Before baking, I sprinkled my lasagna only with Parmesan cheese which created more of a crust.

Wonderfully seasoned. Moist. Not drowning in "sauce."

*If you'd like a "saucier" lasagna, simply add one 8 ounce can tomato sauce and increase the water or add another 14 ounce can diced tomatoes and increase water.

Notes: I used Sargento brand 6 Cheese Italian blend, 8 oz. or 2 cups and Gourmet Garden brand fresh basil paste usually found in the refrigerated section of the produce department.

Sunday, March 9, 2014

Dill Pickle Pot Roast with Mushrooms

Yes, you read it correctly. Pot roast with dill pickles! Strange sounding? Perhaps. First, some background.

I've been desiring to make this recipe since 1985! That's when I bought my copy of "The Frugal Gourmet," by Jeff Smith whose PBS cooking series took the nation by storm. It was Smith who introduced the country to the delights of the international community and their culinary contributions.

Smith's later and final years were besmirched with scandal, lawsuits, and out-of-court settlements. Be-that-as-it-may, he has left us with a rich legacy of recipes and cookbooks that have, indeed, changed the way we cook and the ingredients we use.

This recipe is an example. It is typical Eastern European, specifically, Poland. (I have updated this recipe, so do not miss observations at the end of the blog.)

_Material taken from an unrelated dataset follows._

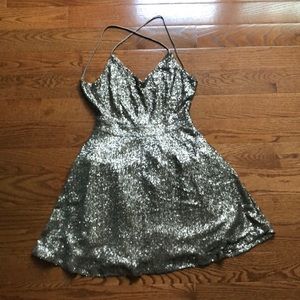 Gold sequined skater dress with open back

The original recipe calls for several dried mushrooms resuscitated in hot water, the water strained and added to the pot along with the chopped mushrooms. I used fresh. Also, use a "briny" dill pickle. The briner the better. This a great recipe to use up that lonely, half-filled jar of pickles you have wasting away in your fridge. It also calls for one bay leaf. I'm not a believer in dried bay leaves or what they "add" to any recipe other than a, perhaps, artistic flourish.

When I make this again, I will use a few pepperocini peppers for a bit of "heat" or maybe one diced Fresno pepper for its red color and mild heat or, one long-Italian pepper, chopped.

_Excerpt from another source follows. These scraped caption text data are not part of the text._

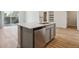 Kitchen island with stainless steel dishwasher, sink, and quartz countertop at 485 Interlocken Blvd # 202, Broomfield, CO 80021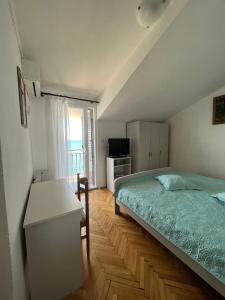 ein Schlafzimmer mit einem Bett, einem Schreibtisch und einem Fernseher in der Unterkunft Apartman Marinac in Podstrana + 33 Fotos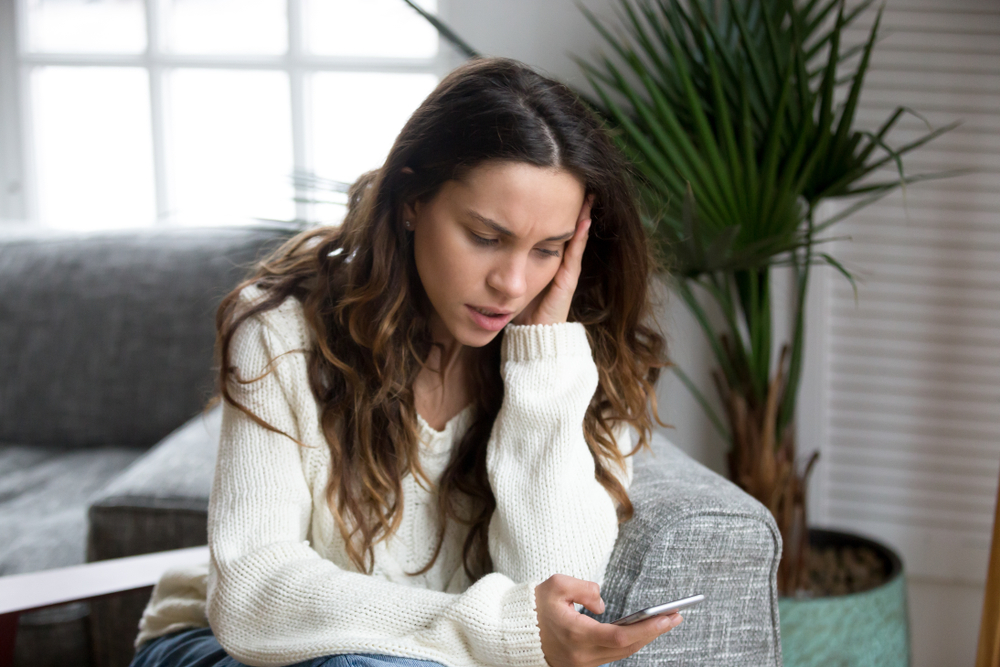 Sad,Girl,Feeling,Upset,Reading,Bad,News,In,Mobile,Message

After about one hour of a slow simmer, I could not stop myself from dipping lightly-buttered ripped chunks of crusty Italian bread into the broth. That was a meal in itself.

Pay attention to cooking time. You want the roast tender but still firm enough to slice. You can, of course, go over the recommended cooking time so that the roast "shreds." In that case, serve on crusty rolls with a bit of Provolone cheese on top.

This is a very forgiving recipe, as most "peasant foods" are. (It was Smith who introduced us to that term.) Carrots? Add some. A bit of celery? Why not? Taters? Of course.

  • 1, 2.5 - 3 pound beef roast. Smith suggests bottom or top round roast. I used a rump roast. Wipe clean with damp paper towel.
  • 2-3 tablespoons peanut oil.
  • 8 oz. chopped onion (a good one cup)
  • 8 oz. chopped baby bella mushrooms (not in original recipe, but a good, one cup.)
  • 8-10 oz. diced dill pickles (about 3-4)
  • 2 garlic cloves, peeled, roughly chopped (not in original recipe)
  • 4-6 whole peppercorns
  • 1/4 cup beef stock (you will need more)
  • 1 cup sour cream--oh, YEA!
  • Salt and Pepper

Place Dutch oven, large enough to accommodate roast and other ingredients, over medium heat until hot. Add oil. Salt and pepper your roast. Brown roast on all sides. 

Using paper towel, absorb spent oil leaving behind the "burnt parts."

Add onion, mushrooms, pickles, peppercorns. Sweat just until tender. Add garlic and cook just until fragrant ... about two minutes or so.

Add beef stock. It should cover roast by half. Add more if necessary, or add water with
the beef stock. Bring to a slow simmer and simmer for about two hours or until just fork tender. Remove to a plate, covered with tin foil

Stir in sour cream to pot and continue to simmer for an additional 30 minutes. Taste for seasonings and add what is necessary.

Slice roast. Serve over fluffy egg noodles or mashed potatoes with plenty of rich sauce.

NOTES: The original recipe calls for 3-4 dried mushrooms rehydrated in boiling water (just cover with  a bit more than needed). Squeeze, but save the water. Save the water (but not the sediment) and add to roast. Also, use 3-4 bay leaves, not just one. Bay leaves are an integral part of Polish cooking. If using fresh use less. Fresh, of course is best.)

*Sorry, no pics of finished recipe. It was late and we had a sleet storm .. so it was very dark, indeed, to take decent pics.